The Return of the Region

The leading article today in The Times (a London newspaper) is about the north-south divide. It reports a call – actually made back in March – from Paul Hackett of the Smith Institute for a ‘Council of the North’ to be established, “a body that would bring together politicians, business leaders and academics to speak for the region as a whole. Such a body last existed between 1484 and 1641. It was set up by Richard III to give more power to the north after centuries of depression. Mr Hackett pointed out that London had representation that was becoming increasingly strong, and Scotland and Wales were also able to argue their cause. He suggested that bringing together the North West, Yorkshire and Humber and the North East would strengthen the whole region’s voice.”



The history is broad-brush but the political point is well made. The figures reproduced are damning – especially that transport spending per head in London is three times higher than up north.

What does this have to do with Wessex? Plenty. The case for centralism is that it allows resources to be shared out fairly by an impartial elite seated in Whitehall. It is demonstrable nonsense. All it does is thwart regional initiative and favour those closest to the metropolitan power-base. In 1971, John Banks, later our Party’s President, wrote in his book, Federal Britain?: The Case for Regionalism, that centralisation “has meant the concentration in London of the best jobs in government and business, and the corresponding drain of talent from the provinces and smaller national areas. High incomes have been earned in the metropolitan region, which have then been taxed in order to subsidize the regions from which enterprise has been attracted to the high income area, in order to persuade some of it to go back again. It is ‘Alice through the Looking Glass’ economics, from which nobody can ultimately gain.”

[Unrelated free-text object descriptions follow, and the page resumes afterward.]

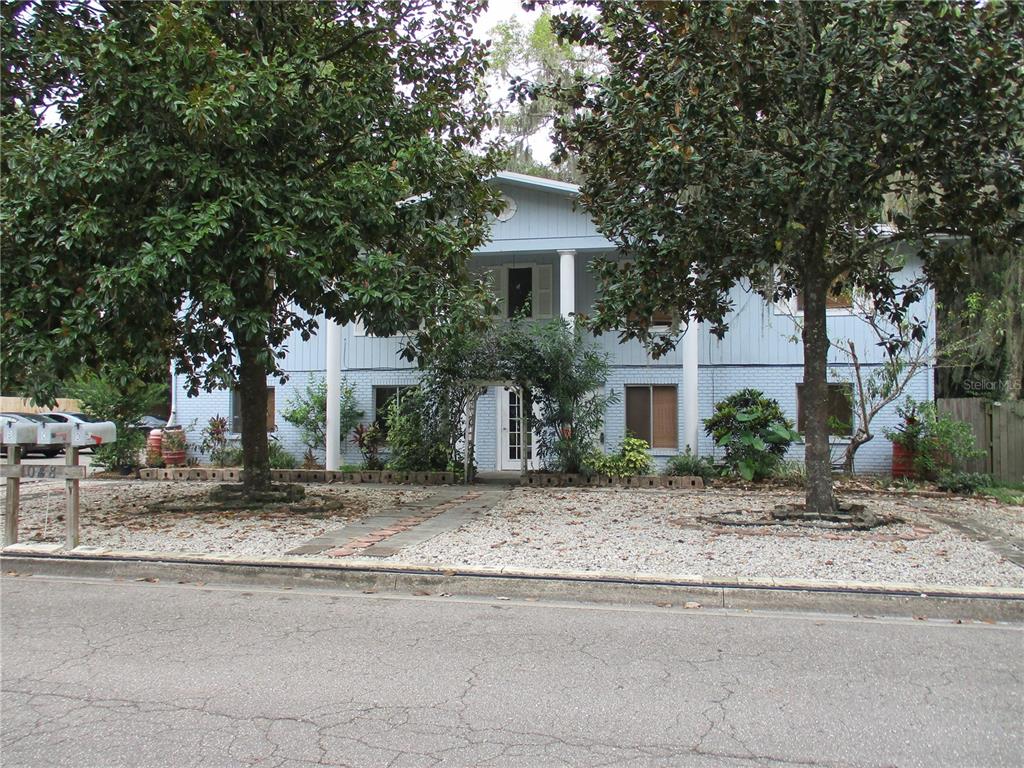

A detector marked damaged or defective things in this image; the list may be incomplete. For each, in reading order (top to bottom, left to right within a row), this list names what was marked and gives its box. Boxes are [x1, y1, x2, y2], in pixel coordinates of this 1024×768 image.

cracked pavement [0, 573, 1019, 765]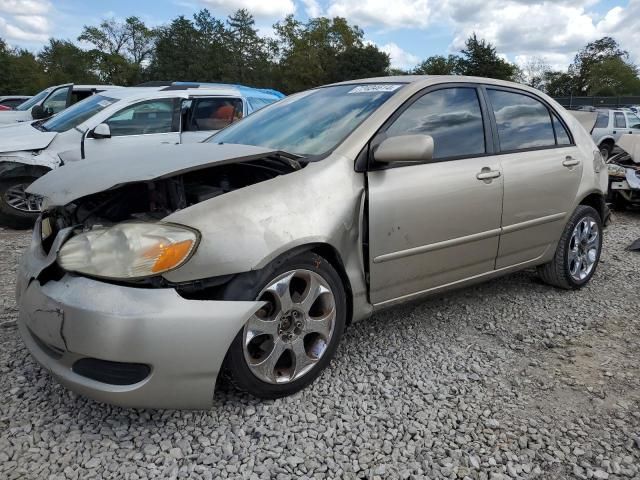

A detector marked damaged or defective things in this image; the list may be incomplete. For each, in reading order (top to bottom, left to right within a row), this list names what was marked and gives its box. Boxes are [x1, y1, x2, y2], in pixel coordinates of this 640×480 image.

crumpled hood [0, 109, 33, 125]
crumpled hood [0, 122, 57, 154]
parked damaged vehicle [0, 84, 119, 125]
parked damaged vehicle [0, 83, 282, 229]
crumpled hood [28, 141, 278, 204]
parked damaged vehicle [608, 135, 640, 210]
exposed headlight [57, 223, 199, 280]
damaged gold sedan [13, 77, 604, 406]
parked damaged vehicle [17, 77, 608, 406]
broken front bumper [16, 219, 262, 406]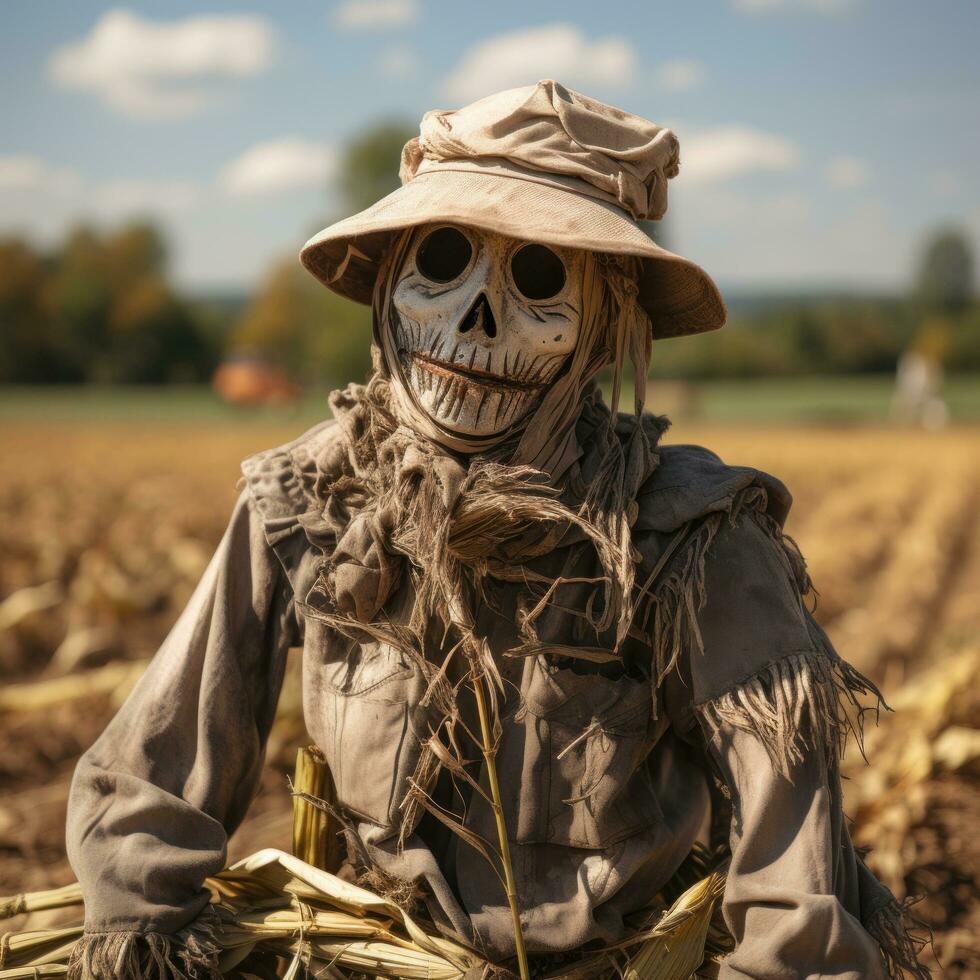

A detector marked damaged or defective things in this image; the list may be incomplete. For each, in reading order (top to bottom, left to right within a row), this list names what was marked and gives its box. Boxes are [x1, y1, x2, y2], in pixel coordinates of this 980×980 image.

tattered jacket [65, 418, 916, 976]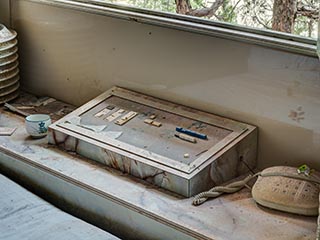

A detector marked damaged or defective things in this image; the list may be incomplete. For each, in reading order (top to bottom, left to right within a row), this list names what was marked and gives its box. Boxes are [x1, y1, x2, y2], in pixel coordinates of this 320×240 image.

peeling paint wall [6, 0, 320, 169]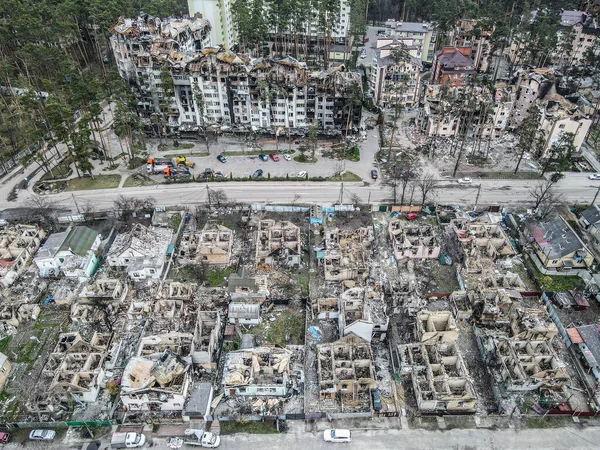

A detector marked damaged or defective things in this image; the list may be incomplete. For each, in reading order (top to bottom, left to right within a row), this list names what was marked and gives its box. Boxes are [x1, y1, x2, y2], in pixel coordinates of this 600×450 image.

damaged apartment building [109, 14, 360, 137]
damaged apartment building [0, 225, 45, 288]
damaged apartment building [106, 222, 172, 280]
damaged apartment building [177, 222, 233, 266]
burned-out house [177, 222, 233, 266]
damaged apartment building [254, 220, 300, 268]
burned-out house [254, 221, 300, 268]
damaged apartment building [316, 227, 372, 284]
burned-out house [318, 229, 370, 282]
damaged apartment building [390, 219, 440, 260]
burned-out house [221, 346, 304, 396]
damaged apartment building [221, 346, 304, 396]
damaged apartment building [316, 334, 372, 408]
burned-out house [314, 334, 376, 408]
damaged apartment building [398, 310, 478, 414]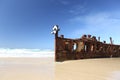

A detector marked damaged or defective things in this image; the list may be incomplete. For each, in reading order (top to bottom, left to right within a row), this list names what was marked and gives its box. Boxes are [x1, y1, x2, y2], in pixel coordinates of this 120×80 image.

rusty metal structure [51, 25, 120, 61]
rusted ship hull [51, 25, 120, 61]
orange rusted surface [51, 25, 120, 61]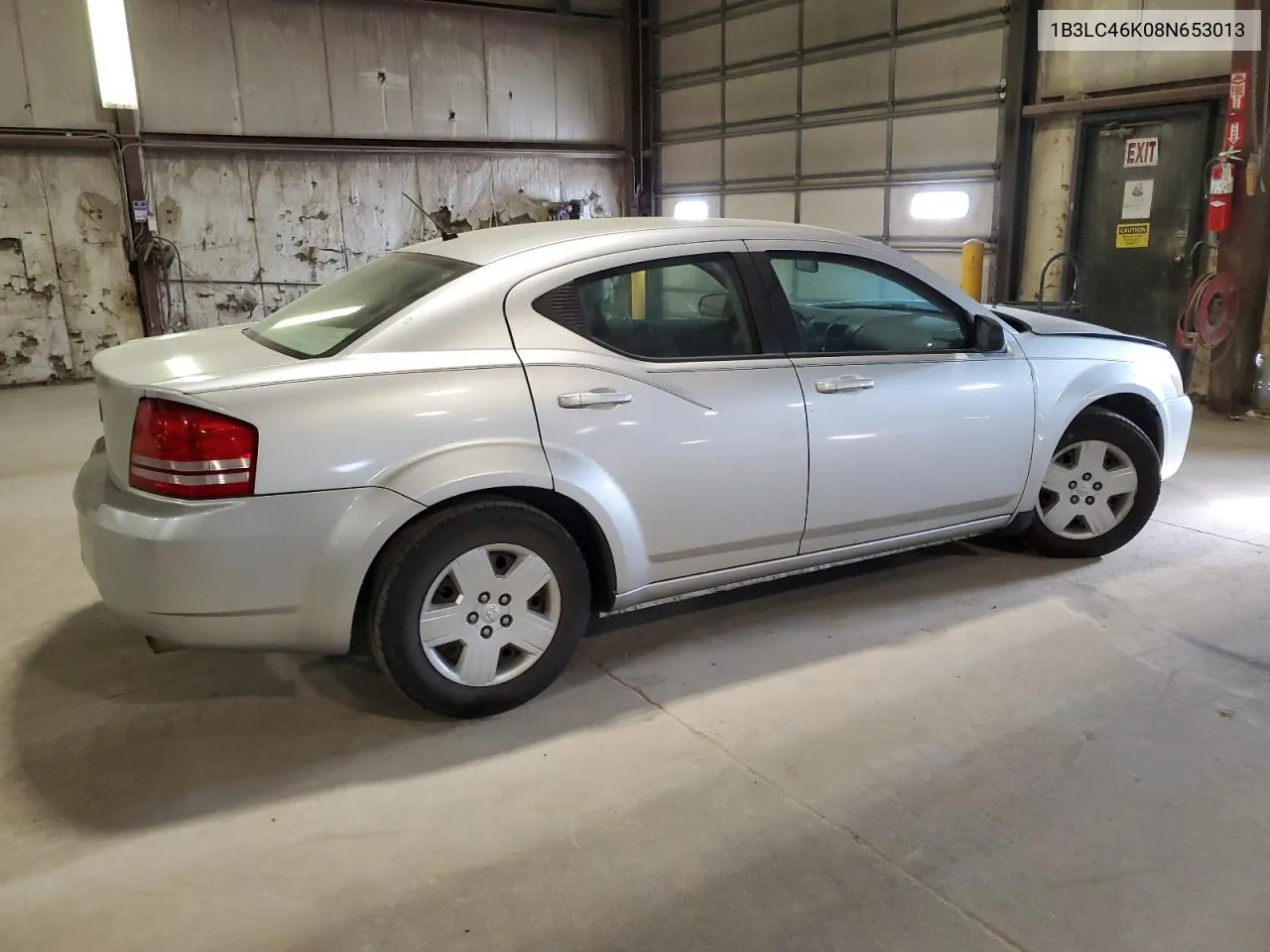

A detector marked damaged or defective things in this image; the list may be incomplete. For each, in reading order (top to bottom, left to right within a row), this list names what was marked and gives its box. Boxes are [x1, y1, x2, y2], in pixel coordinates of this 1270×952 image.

peeling paint wall [121, 0, 627, 144]
peeling paint wall [0, 153, 144, 383]
peeling paint wall [145, 155, 624, 332]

We advocate a regional solution that can begin to redress unfairness in a dynamic and lasting way. We are regionalists, not separatists, and work with those in the Celtic nations and in other areas of England – even with ordinary Londoners – to dismantle the structures of arrogance that suppress us all. There is no place in our Party for those who wish to whine about Scots or northerners getting their hands on money that could have been spent in Wessex. Much of the money that apparently needs to be spent in Wessex is only needed because of reckless population growth outstripping the capacity of our public services to cope. Centralism has delivered a ‘lose-lose’ scenario where the older industrial regions are gutted and abandoned while Wessex disappears under concrete. Regionalism can hardly do worse than that.

Our Party puts Wessex first, always. But we seek to do it in an intelligent way, one that builds successful alliances that will benefit us at least as much as they benefit others. We have always been the Wessex Regionalist Party: proud of the fact that we view Wessex as a region – a community of communities that joins with others to form still larger communities as the need arises, in every case upon the basis of enlightened self-interest, not empire-building, nor uniformity for its own sake. In this view, we stand shoulder to shoulder with so many good folk throughout the length and breadth of Europe. We follow their progress with interest, as we hope they follow ours. A rising tide lifts all boats and, as we pursue our goal of self-government for Wessex, we trust we shall never be so blind to the world that we miss the signs of the turn, nor so deaf that we cannot listen and learn from the struggles and successes of our friends and neighbours.